[Opening PROVIDED RECORDS section]

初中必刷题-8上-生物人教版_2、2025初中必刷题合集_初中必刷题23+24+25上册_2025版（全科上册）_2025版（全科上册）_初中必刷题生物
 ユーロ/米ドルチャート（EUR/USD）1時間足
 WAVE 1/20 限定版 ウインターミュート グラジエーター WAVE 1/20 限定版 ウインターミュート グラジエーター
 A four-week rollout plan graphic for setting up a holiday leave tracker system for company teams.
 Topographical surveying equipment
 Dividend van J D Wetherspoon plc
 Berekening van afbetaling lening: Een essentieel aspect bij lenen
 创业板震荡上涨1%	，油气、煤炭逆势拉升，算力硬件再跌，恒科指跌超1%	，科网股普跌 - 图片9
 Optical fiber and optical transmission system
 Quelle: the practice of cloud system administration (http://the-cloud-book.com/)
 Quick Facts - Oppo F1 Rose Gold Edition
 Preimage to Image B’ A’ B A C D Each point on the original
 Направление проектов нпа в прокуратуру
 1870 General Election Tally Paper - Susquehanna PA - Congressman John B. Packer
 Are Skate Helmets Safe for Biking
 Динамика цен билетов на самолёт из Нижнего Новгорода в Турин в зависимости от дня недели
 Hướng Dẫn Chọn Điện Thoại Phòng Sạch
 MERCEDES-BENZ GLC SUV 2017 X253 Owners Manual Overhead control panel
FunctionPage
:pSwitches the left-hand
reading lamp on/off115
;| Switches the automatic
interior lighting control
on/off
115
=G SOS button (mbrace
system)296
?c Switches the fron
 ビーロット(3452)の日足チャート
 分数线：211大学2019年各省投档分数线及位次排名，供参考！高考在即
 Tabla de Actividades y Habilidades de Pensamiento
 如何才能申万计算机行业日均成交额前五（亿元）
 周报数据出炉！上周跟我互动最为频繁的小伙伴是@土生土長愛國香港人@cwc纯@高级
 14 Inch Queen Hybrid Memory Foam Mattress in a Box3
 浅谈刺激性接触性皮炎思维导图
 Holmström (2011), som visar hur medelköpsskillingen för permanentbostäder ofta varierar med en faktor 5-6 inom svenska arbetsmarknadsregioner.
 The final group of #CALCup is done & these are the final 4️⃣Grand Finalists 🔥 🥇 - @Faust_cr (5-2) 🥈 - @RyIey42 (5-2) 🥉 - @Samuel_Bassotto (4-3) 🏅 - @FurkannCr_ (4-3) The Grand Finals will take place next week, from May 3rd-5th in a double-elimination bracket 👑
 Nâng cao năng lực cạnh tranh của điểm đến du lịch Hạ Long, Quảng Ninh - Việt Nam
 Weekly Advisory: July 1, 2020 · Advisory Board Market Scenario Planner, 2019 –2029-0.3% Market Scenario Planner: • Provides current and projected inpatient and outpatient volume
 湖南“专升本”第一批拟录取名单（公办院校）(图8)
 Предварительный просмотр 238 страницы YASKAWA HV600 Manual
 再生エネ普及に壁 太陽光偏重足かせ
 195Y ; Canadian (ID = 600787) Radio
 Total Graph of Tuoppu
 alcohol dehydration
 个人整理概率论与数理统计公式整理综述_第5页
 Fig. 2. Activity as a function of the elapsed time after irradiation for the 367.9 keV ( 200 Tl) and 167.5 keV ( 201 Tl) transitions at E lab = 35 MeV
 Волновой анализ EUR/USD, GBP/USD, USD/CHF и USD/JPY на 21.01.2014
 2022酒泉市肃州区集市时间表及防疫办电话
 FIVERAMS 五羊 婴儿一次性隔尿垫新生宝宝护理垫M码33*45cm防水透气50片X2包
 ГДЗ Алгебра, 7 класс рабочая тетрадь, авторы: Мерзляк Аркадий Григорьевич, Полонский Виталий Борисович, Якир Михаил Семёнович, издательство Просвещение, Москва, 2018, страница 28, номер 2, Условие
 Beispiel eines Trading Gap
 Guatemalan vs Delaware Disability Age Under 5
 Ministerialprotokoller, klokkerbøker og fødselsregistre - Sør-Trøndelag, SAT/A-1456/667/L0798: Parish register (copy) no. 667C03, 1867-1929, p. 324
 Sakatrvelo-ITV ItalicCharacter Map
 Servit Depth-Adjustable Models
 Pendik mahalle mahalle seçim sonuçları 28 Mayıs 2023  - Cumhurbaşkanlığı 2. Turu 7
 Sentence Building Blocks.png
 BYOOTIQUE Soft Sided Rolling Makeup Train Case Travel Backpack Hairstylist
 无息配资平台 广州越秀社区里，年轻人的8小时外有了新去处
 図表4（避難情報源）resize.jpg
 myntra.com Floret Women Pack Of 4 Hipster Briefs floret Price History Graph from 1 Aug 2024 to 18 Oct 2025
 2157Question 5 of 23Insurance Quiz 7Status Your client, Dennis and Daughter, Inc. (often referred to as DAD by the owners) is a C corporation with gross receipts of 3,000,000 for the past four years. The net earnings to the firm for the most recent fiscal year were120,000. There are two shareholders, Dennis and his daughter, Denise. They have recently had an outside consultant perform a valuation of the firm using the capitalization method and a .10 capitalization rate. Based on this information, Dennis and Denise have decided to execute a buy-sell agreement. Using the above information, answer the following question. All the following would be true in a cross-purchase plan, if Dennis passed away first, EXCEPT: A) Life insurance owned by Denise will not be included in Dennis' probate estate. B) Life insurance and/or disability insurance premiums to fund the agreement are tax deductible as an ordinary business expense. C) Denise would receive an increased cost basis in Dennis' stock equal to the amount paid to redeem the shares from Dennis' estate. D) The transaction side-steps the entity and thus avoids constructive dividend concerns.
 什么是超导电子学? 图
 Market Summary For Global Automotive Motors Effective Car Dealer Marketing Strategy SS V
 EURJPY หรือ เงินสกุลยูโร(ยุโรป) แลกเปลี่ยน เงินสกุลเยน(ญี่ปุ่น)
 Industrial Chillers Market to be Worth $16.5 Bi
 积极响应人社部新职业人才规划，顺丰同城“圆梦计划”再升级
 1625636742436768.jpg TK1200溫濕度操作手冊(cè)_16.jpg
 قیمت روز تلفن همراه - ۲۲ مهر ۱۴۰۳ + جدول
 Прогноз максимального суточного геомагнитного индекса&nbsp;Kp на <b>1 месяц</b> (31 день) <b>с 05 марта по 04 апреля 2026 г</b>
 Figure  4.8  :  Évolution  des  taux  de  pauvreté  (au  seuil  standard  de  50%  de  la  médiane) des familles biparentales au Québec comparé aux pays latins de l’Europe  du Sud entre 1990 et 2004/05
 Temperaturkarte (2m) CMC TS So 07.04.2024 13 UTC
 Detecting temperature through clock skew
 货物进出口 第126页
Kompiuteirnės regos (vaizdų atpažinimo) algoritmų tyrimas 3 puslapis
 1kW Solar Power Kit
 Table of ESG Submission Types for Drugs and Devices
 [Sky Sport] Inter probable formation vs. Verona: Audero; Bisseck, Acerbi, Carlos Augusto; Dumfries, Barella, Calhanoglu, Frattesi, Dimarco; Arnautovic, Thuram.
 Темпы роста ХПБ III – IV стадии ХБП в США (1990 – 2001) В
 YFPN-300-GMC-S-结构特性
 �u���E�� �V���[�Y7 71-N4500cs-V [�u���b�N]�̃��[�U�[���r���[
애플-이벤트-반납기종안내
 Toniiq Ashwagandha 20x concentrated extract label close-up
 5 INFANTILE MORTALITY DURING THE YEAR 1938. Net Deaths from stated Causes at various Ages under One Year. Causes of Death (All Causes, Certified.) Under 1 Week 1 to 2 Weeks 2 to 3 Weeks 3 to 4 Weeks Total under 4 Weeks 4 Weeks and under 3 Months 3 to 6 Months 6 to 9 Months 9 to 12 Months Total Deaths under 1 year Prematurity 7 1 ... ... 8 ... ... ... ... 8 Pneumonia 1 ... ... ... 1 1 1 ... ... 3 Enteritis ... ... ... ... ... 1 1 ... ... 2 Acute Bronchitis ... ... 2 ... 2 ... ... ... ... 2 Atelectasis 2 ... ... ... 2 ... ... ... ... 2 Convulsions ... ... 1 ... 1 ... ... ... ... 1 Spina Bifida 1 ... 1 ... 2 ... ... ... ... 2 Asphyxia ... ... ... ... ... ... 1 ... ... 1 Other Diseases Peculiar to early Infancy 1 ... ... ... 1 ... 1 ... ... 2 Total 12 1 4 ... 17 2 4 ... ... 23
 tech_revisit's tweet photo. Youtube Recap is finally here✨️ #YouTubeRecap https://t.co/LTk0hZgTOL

[Closing PROVIDED RECORDS section]

Going down the listing above, begin printing at the line with "2022酒泉市肃州区集市时间表及防疫办电话" and finish with the line with "Sentence Building Blocks.png", exactly as they appear.

 2022酒泉市肃州区集市时间表及防疫办电话
 FIVERAMS 五羊 婴儿一次性隔尿垫新生宝宝护理垫M码33*45cm防水透气50片X2包
 ГДЗ Алгебра, 7 класс рабочая тетрадь, авторы: Мерзляк Аркадий Григорьевич, Полонский Виталий Борисович, Якир Михаил Семёнович, издательство Просвещение, Москва, 2018, страница 28, номер 2, Условие
 Beispiel eines Trading Gap
 Guatemalan vs Delaware Disability Age Under 5
 Ministerialprotokoller, klokkerbøker og fødselsregistre - Sør-Trøndelag, SAT/A-1456/667/L0798: Parish register (copy) no. 667C03, 1867-1929, p. 324
 Sakatrvelo-ITV ItalicCharacter Map
 Servit Depth-Adjustable Models
 Pendik mahalle mahalle seçim sonuçları 28 Mayıs 2023  - Cumhurbaşkanlığı 2. Turu 7
 Sentence Building Blocks.png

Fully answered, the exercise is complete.